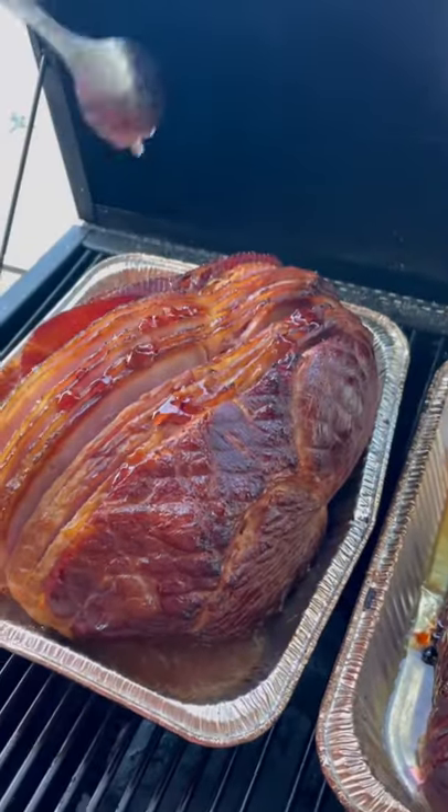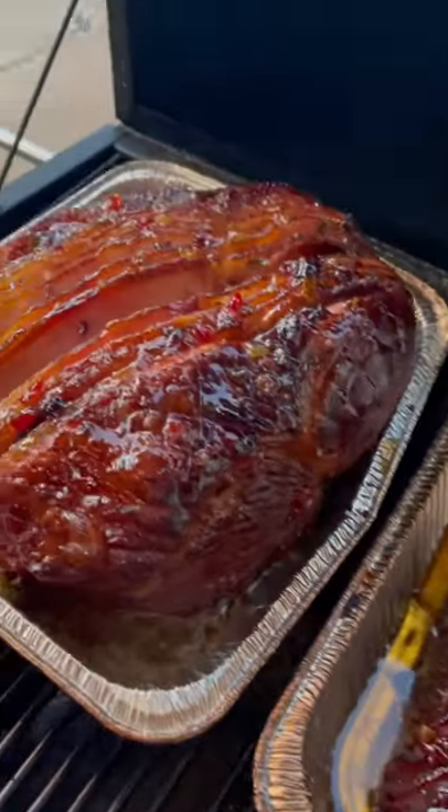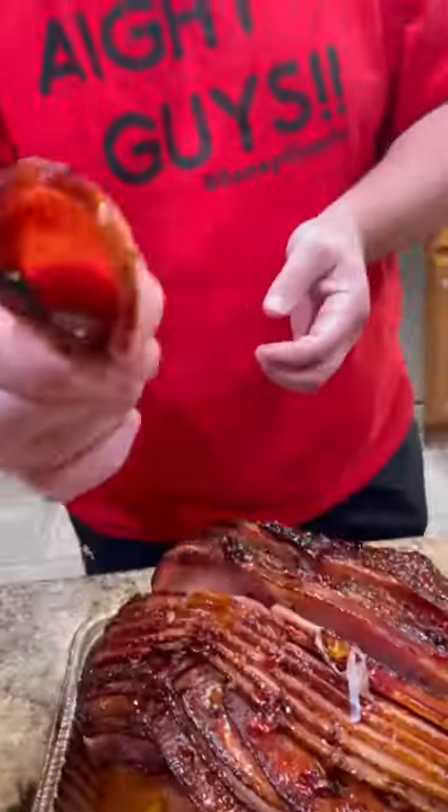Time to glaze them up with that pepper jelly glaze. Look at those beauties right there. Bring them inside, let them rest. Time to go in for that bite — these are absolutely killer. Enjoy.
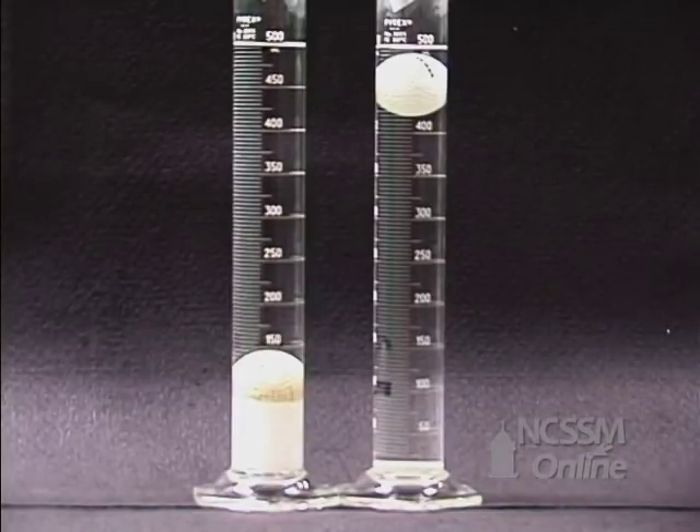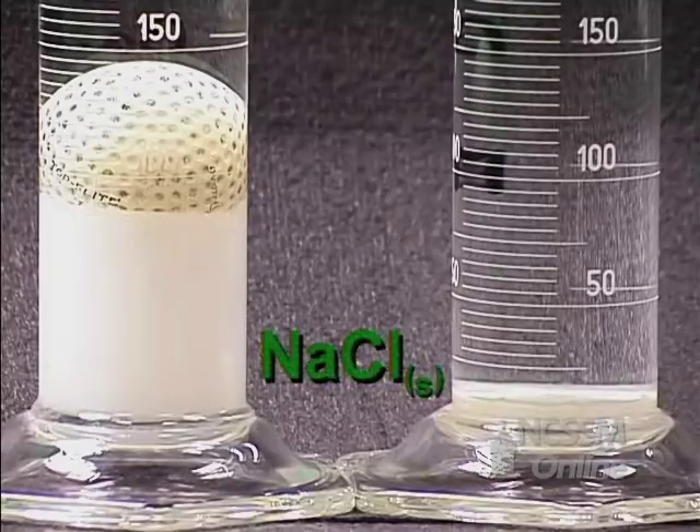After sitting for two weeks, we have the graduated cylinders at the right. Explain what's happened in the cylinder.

==

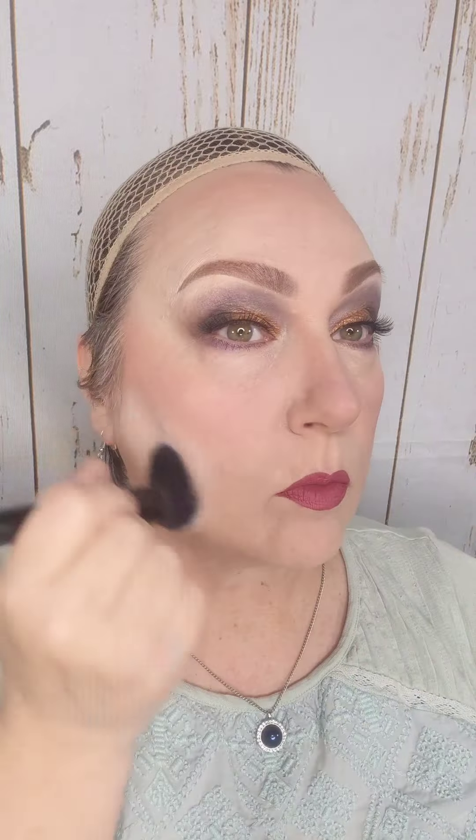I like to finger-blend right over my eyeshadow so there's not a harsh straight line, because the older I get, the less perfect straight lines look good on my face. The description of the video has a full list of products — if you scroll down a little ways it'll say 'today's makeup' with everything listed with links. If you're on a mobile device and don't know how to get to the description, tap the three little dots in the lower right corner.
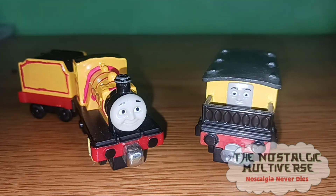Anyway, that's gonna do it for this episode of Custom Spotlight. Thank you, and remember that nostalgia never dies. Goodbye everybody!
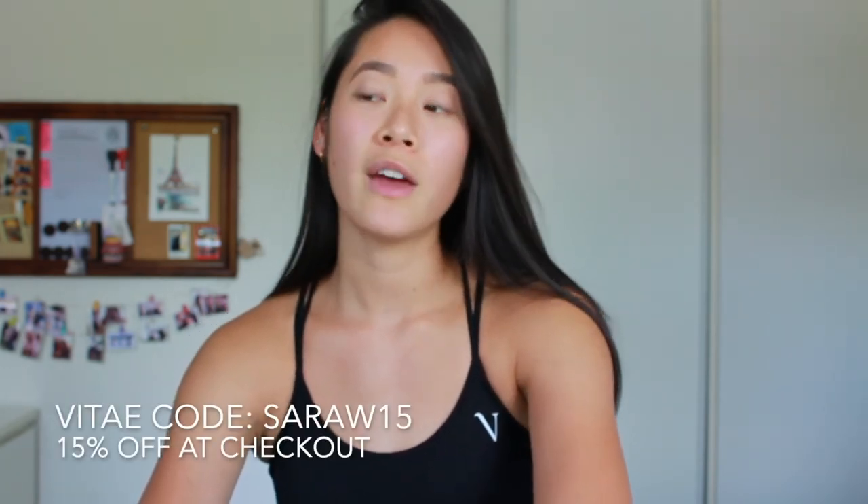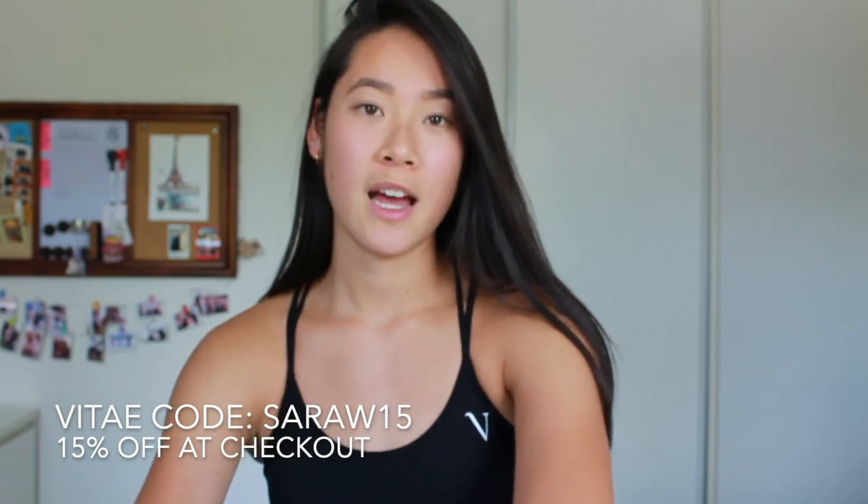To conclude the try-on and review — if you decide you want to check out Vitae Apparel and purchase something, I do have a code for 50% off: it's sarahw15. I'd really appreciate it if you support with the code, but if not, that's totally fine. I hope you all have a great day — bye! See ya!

**PROBLEM**
Output only the lines above from the line that holds "Anyway, that's gonna" through the line that holds "To conclude the", both ends included, and exclude pictures.

**SOLUTION TO THIS EXERCISE**
Anyway, that's gonna do it for this episode of Custom Spotlight. Thank you, and remember that nostalgia never dies. Goodbye everybody!
To conclude the try-on and review — if you decide you want to check out Vitae Apparel and purchase something, I do have a code for 50% off: it's sarahw15. I'd really appreciate it if you support with the code, but if not, that's totally fine. I hope you all have a great day — bye! See ya!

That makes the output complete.